How can we afford to grow the pie?

Faster Loops

Originally written .
Last updated .
See bug list and revision history below.

Virtually all interesting data processing requires loops. Speed is a feature. Speed is valuable. The speed of loops can sometimes be improved by spatial data locality and by temporal locality. The difference is eminently practical. For example, Adam Drake achieved a speedup of factor 235 by leveraging locality. His simple trick seems to work, because his data fits in his laptop's RAM. Servers have a surprising amount of RAM nowadays.. Note, that it seems unlikely for this trick to work on unbounded data, because storing data requires physical space. This in turn, implies a lower bound on the minimum distance and therefore, a minimum bound on the achievable latency and locality.

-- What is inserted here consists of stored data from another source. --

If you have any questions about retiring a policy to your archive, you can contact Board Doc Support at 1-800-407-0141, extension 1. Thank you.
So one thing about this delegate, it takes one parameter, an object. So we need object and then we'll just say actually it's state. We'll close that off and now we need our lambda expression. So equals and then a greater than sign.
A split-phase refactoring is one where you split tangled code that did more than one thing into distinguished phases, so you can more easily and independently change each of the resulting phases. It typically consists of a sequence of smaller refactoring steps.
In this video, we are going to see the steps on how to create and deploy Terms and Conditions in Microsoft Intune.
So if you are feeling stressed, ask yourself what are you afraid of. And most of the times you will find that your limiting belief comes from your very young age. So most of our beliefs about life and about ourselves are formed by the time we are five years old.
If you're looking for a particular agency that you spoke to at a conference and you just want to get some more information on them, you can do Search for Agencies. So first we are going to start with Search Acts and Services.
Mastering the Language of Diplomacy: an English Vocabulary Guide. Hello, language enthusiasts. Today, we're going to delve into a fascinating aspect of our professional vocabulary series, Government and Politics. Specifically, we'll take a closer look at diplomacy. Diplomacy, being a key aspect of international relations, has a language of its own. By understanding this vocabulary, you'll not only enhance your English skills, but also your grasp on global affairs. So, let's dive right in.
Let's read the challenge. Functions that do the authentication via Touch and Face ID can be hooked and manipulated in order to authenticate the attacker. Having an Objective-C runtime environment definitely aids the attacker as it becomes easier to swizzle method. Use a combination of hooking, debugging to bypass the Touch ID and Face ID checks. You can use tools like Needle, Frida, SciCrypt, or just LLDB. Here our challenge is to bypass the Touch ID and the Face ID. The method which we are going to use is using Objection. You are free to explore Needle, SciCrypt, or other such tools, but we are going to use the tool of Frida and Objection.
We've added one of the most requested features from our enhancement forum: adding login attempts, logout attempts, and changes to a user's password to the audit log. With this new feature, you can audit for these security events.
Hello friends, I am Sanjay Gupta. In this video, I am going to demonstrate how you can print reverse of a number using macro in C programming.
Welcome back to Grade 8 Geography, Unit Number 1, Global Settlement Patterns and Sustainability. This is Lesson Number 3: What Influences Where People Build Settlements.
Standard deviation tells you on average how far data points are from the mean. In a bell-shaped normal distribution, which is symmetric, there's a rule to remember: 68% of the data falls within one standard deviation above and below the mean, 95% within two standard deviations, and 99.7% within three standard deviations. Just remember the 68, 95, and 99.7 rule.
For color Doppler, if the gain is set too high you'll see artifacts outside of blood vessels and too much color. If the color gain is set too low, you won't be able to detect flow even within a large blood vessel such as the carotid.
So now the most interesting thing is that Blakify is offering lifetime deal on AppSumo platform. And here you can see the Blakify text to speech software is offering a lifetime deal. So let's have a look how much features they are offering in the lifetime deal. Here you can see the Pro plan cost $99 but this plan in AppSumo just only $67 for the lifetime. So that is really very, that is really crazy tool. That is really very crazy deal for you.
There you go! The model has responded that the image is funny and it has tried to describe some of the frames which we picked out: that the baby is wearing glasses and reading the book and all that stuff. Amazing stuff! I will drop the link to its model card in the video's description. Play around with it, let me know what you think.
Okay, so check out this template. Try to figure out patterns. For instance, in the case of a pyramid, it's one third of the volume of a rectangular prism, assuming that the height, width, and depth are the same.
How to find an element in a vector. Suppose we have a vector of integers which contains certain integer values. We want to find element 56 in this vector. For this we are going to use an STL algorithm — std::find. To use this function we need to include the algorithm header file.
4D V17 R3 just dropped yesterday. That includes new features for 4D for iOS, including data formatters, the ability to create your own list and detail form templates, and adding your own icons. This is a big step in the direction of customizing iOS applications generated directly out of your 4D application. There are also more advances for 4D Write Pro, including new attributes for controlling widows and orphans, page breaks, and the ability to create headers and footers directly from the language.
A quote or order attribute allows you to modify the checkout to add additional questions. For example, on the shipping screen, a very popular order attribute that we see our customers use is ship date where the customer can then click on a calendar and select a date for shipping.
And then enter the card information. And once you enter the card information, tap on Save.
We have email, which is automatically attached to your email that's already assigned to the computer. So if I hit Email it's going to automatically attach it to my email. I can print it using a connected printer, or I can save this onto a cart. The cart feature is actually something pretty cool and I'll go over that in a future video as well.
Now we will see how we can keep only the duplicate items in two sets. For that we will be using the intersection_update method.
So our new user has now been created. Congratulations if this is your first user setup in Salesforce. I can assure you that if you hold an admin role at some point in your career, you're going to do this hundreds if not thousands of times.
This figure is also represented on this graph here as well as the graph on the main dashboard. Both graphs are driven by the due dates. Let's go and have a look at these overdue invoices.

Repeated computations, meaning loops, can be implemented in many different technical ways, for example recursion, recursion-trampolines or iteration. Recursion saves state on something known as the call-stack. Trampolines put function objects onto something known as the heap as opposed to the call-stack. Well-designed iteration only touches the heap and conceptually avoids the additional function objects that trampolines require.

This sounds like iteration looks preferable from this angle. One solution to transform recursion into iteration is kown as tail-call optimization (TCO) or tail-call elimination. Some programming languages implement TCO, however, JavaScript de-facto has no tail-call optimization. And de-facto standards seem to be the most effective and most impactful standards. They are observed in the real world.

Another way of implementing loops iteratively is pipelining. With caches and prefetchers modern CPUs seem to be amenable to this approach.

Pipelining loops takes Adam Drake's trick one step further by folding his chain of command line tools into one programming language subroutine or function. This folds them into a single operating system process. In contrast, unix shell pipelines involve multiple unix processes and system call overhead for communicating between them. This overhead may hamper data locality. The speedup comes from limiting indirection. See also discussions on token-threading vs. subroutine-threading.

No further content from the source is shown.